Sudden 100% CPU usage causing non responsive chat till service restart


#22

More information if its helpful.

I have changed the storage engine back to mmapv1 as i saw some posts saying it is preferred.

Still having the same issues. Even with just a single user logged in and slackbridge disabled, it still goes to 100% and eventually fails and the containers restart.


#23

I think there must be bad data stored in the users table thats triggering this issue. Is there a cleanup routine or a data validation i can run to clear bad data ? It seems only that table thats causing issues as far as i can tell


#24

Wow that’s some serious wait time on a query. Can you grab the user object it’s delaying on? I know might be a pain to redact. Is it a random Id each time or is it random?


#25

Well, i think i have found the issue so here’s something we can script to fix if someone else has it.

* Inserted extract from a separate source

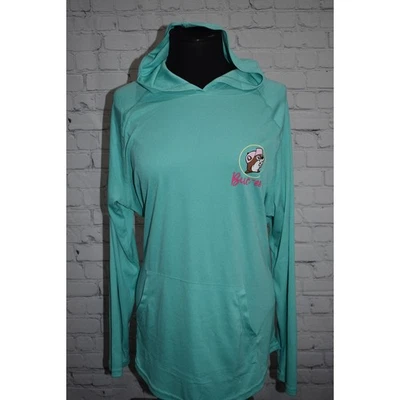 Buc-ee's Sun Shirt Hoodie Womens Size 2X Polyester Sunshine On My Mind Pineapple - Image 1 of 4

In each user document, in the service column, there was a 28MB (text version) for a single user. The login sessions (all without dates) were huge. I deleted these for 2 users (and am cleaning up others) and its sooo much faster now.

I presume theres a cleanup routine running to delete old sessions but without dates they will be ignored.

I am not a mongo person but will look at writing a script to delete all sessions where there is no date.

I am also assuming that this has come from an old version and there probably should be a published routine or something to clean some of this up.

I think the logs I had were just pointing at the table causing the issues and locks, not the actual row so the logs weren’t entirely helpful.

Gotta say that I now know far more about mongo db than i thought i needed originally :slight_smile: